Now The Government Even Wants To Decide Which Lightbulbs You Use In Your House.

by John Hawkins | January 31, 2007 3:53 pm

Is there any part of the marketplace or people’s lives that the government doesn’t want to stick its nose into? Quite frankly, proposals like this one[1] should be voted down simply because the government has no business regulating such a thing:

“A California lawmaker wants to make his state the first to ban incandescent lightbulbs as part of California’s groundbreaking initiatives to reduce energy use and greenhouse gases blamed for global warming.

The “How Many Legislators Does it Take to Change a Lightbulb Act” would ban incandescent lightbulbs by 2012 in favor of energy-saving compact fluorescent lightbulbs.

“Incandescent lightbulbs were first developed almost 125 years ago, and since that time they have undergone no major modifications,” California Assemblyman Lloyd Levine said on Tuesday.

“Meanwhile, they remain incredibly inefficient, converting only about 5 percent of the energy they receive into light.”

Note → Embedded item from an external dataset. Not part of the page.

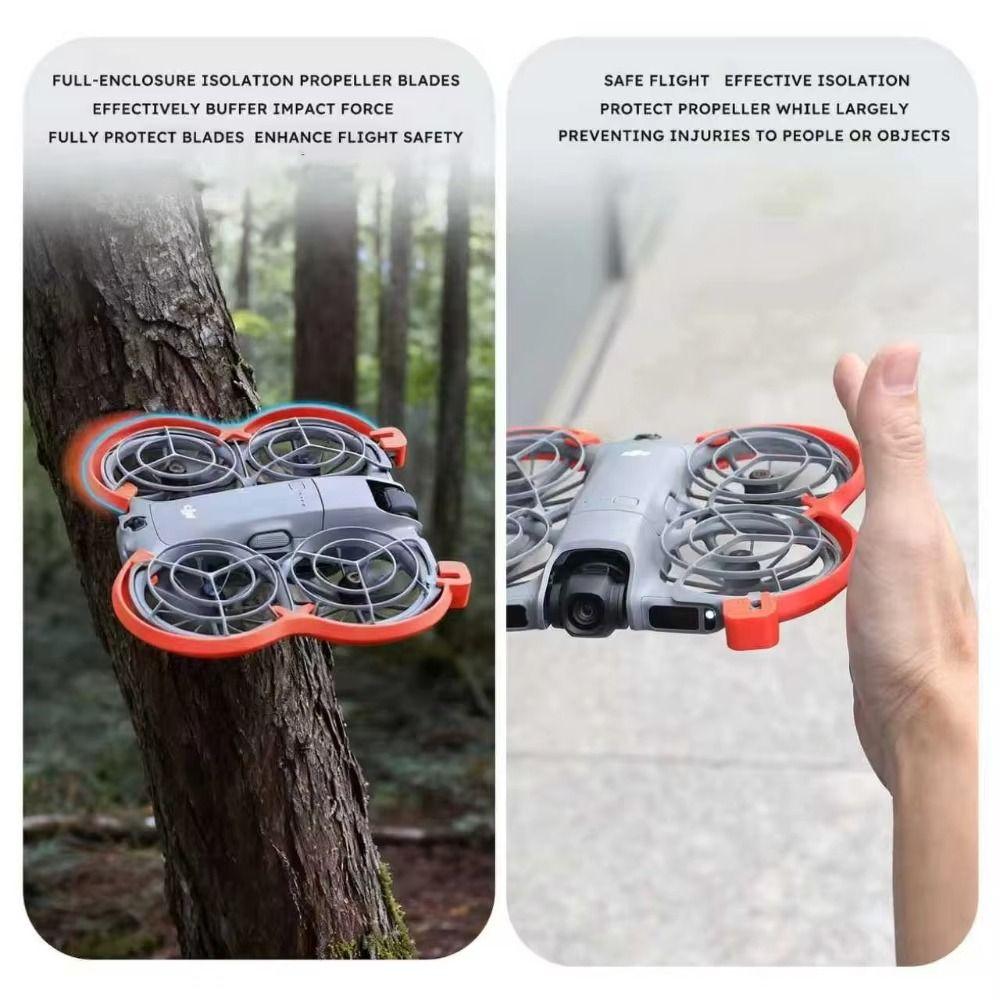 Anti-Collision Drone Propeller Guard Lightweight Quick Release Anti-Collision Protector Protective Anti-drop for DJI NEO 2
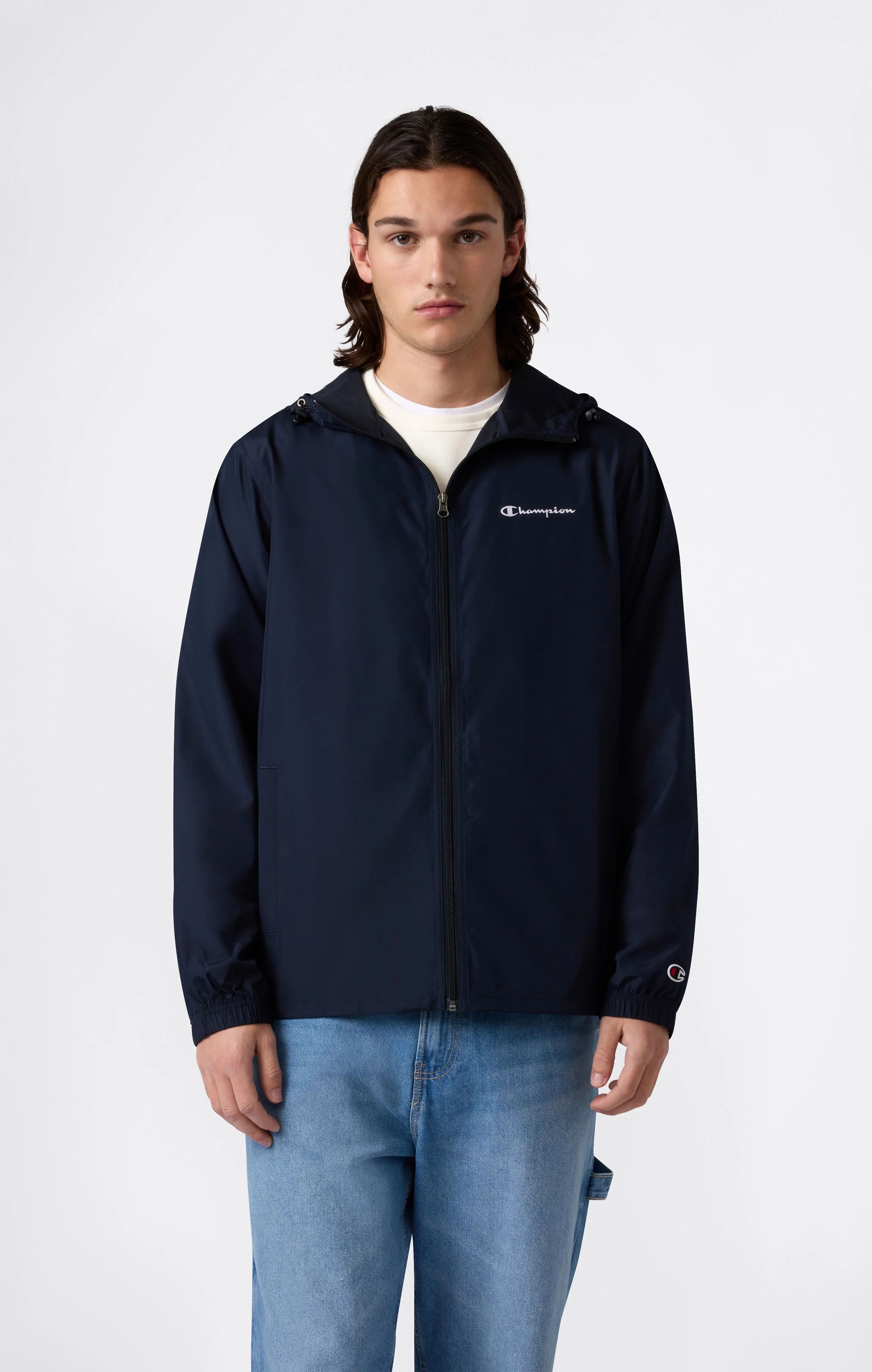 Men’s Lightweight Full Zip Hooded Windbreaker Jacket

Levine is expected to introduce the legislation this week, his office said.

…Compact fluorescent lightbulbs (CFLs) use about 25 percent of the energy of conventional lightbulbs.

…Many CFLs have a spiral shape, which was introduced in 1980. By 2005, about 100 million CFLs were sold in the United States, or about 5 percent of the 2-billion-lightbulb market, according to the U.S. Environmental Protection Agency.”

Personally, I like CFLs and use them in my house, but they’re not perfect. They are certainly much more expensive to buy. Additionally, the light that comes from them doesn’t seem to be quite as intense as the light that comes from a regular bulb and they also don’t fit into the normal lampshades.

Now, those things may seem like minor quibbles, but why not let the market decide that instead of allowing the government to pick between competing products? After all, wasn’t part of the reason that the Soviet Union got into so much economic trouble because government apparatchiks, none of whom were probably much smarter or dumber than Loyd Levine, were making decisions about which products would succeed and which products would fail instead of leaving it to the marketplace?

If CFLs are really as fantastic as Lloyd Levine seems to think, then they’ll eventually come to dominate the market anyway without government interference. So, California should just leave it alone and let people make their own decisions about which lightbulbs they prefer.